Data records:
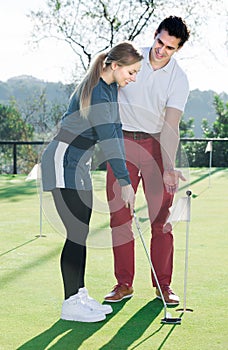 Man 30-35 years old is training woman 25-29 years old to play golf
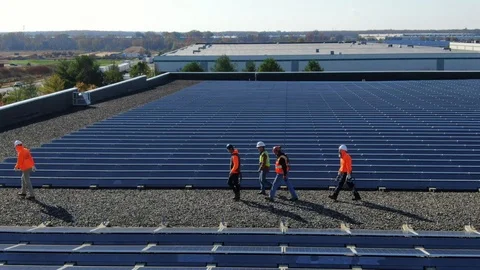 Close Up of Construction Men Walking and Waving Hi on The Rooftop 120143402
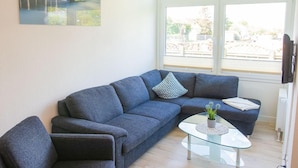 A living room with a grey sofa, a glass coffee table, and a TV mounted on the wall. - "Sonnenblick" in the Strandburg house... close to the beach and in a quiet location! - House (Dahme)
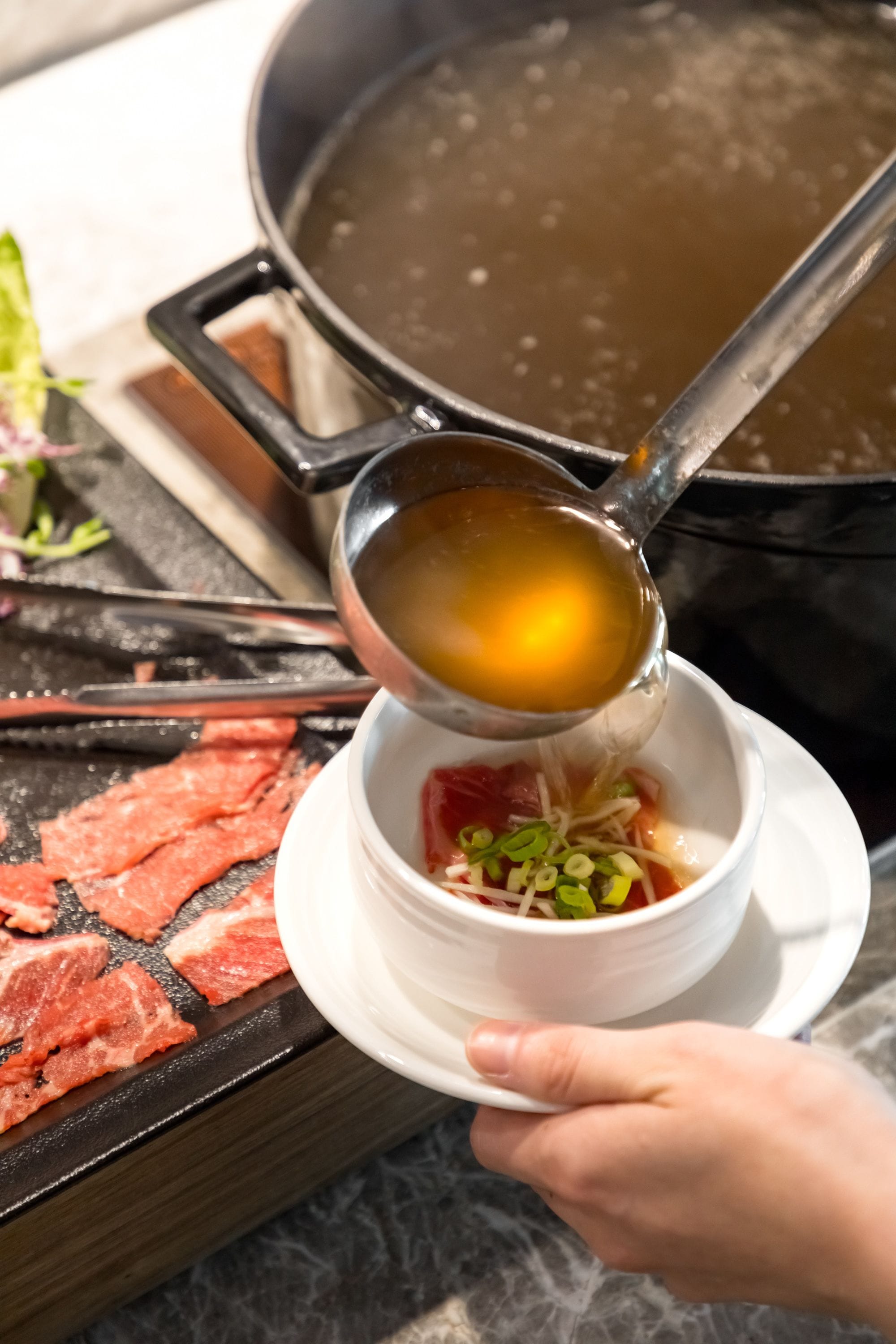 A person pouring a clear liquid into a bowl containing raw meat and vegetables.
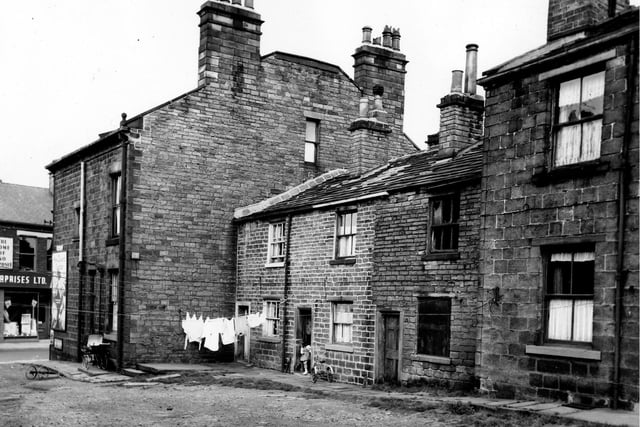Butler Place in August 1963. On the left of the image shops on Town Street are visible. A coach built pram stands by the side wall of number 27 Butler Place at the entrance to Butler Place. On the right are a row of three back-to-back terraced houses numbers 1 to 5 Butler Place. Clothes hang on a line stretched across the front of number 1 while a young girl stands by a tricycle outside number 3. Number 5 on the right has become derelict.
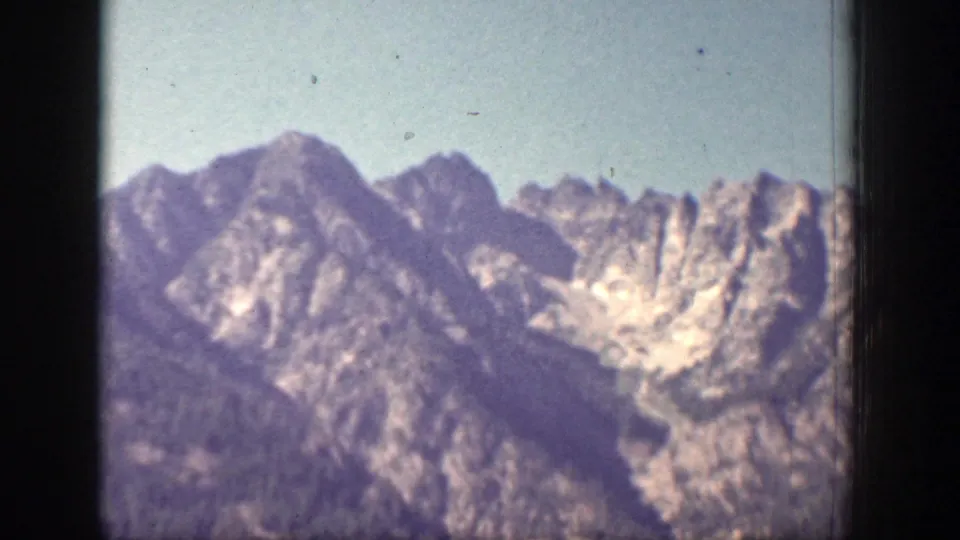 1939 Chelan, Washington frame with distant mountain peaks, rocky faces, and a hazy blue sky seen through 8mm film borders.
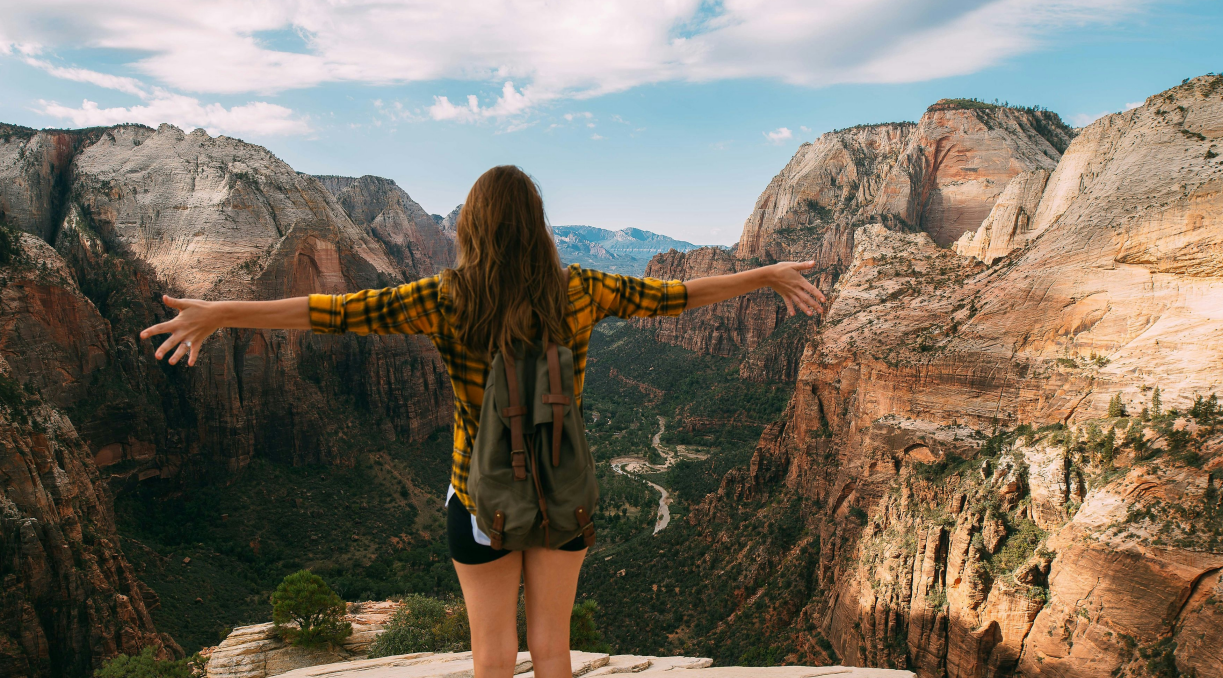 A woman standing on a cliff edge with her arms outstretched, embracing the fresh mountain air and stunning canyon view, symbolizing the confidence and freshness provided by using deodorant.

WORK TO BE COMPLETED: Repeat all of the records verbatim, leaving out the pictures.

RESPONSE TO THE EXERCISE:
 Man 30-35 years old is training woman 25-29 years old to play golf
 Close Up of Construction Men Walking and Waving Hi on The Rooftop 120143402
 A living room with a grey sofa, a glass coffee table, and a TV mounted on the wall. - "Sonnenblick" in the Strandburg house... close to the beach and in a quiet location! - House (Dahme)
 A person pouring a clear liquid into a bowl containing raw meat and vegetables.
Butler Place in August 1963. On the left of the image shops on Town Street are visible. A coach built pram stands by the side wall of number 27 Butler Place at the entrance to Butler Place. On the right are a row of three back-to-back terraced houses numbers 1 to 5 Butler Place. Clothes hang on a line stretched across the front of number 1 while a young girl stands by a tricycle outside number 3. Number 5 on the right has become derelict.
 1939 Chelan, Washington frame with distant mountain peaks, rocky faces, and a hazy blue sky seen through 8mm film borders.
 A woman standing on a cliff edge with her arms outstretched, embracing the fresh mountain air and stunning canyon view, symbolizing the confidence and freshness provided by using deodorant.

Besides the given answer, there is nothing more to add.